La disputa, infatti, si è subito spostata dal tema dell’aumento dei fondi, necessari a far fronte agli aggravi delle bollette sopportati dalle scuole, al tema della legittimità degli aiuti pubblici alle paritarie.
Si sono scontrati due modelli amministrativi e di gestione della cosa pubblica. Da una parte una visione basata sulla sussidiarietà, autenticamente liberale e capace di valorizzare l’iniziativa proveniente dalla società civile, integrandola nell’azione pubblica.

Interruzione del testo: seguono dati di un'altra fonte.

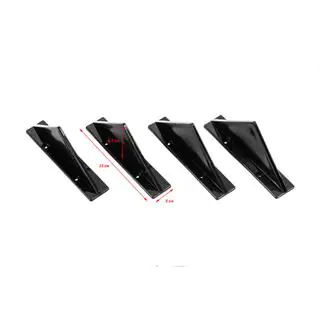 Diffuseur Arrière Universel Type-F (4pcs, Noir Brillant, Plastique ABS) photo 2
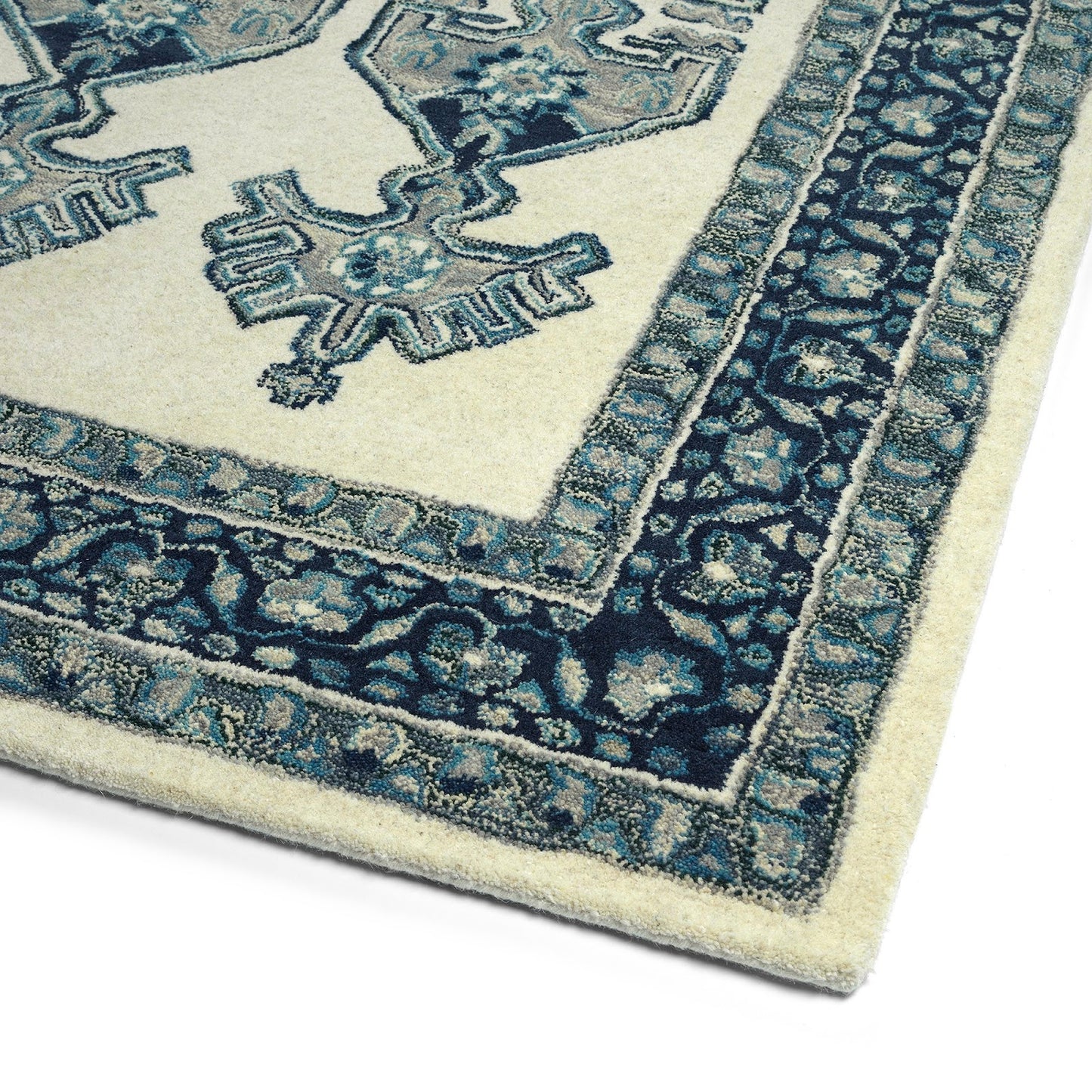2'6" x 9' Tamara Day Charlotte Ivory Rug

Dall’altra, una visione statalista, ormai superata, che vorrebbe tenere in capo allo Stato tutte le funzioni di interesse pubblico e che si percepisce in competizione con ogni iniziativa dal basso. La posizione che abbiamo tenuto come Confcooperative Bologna non è stata quella corporativa di chi voleva ad ogni costo difendere le scuole paritarie gestite da realtà cooperative. Tutt’altro.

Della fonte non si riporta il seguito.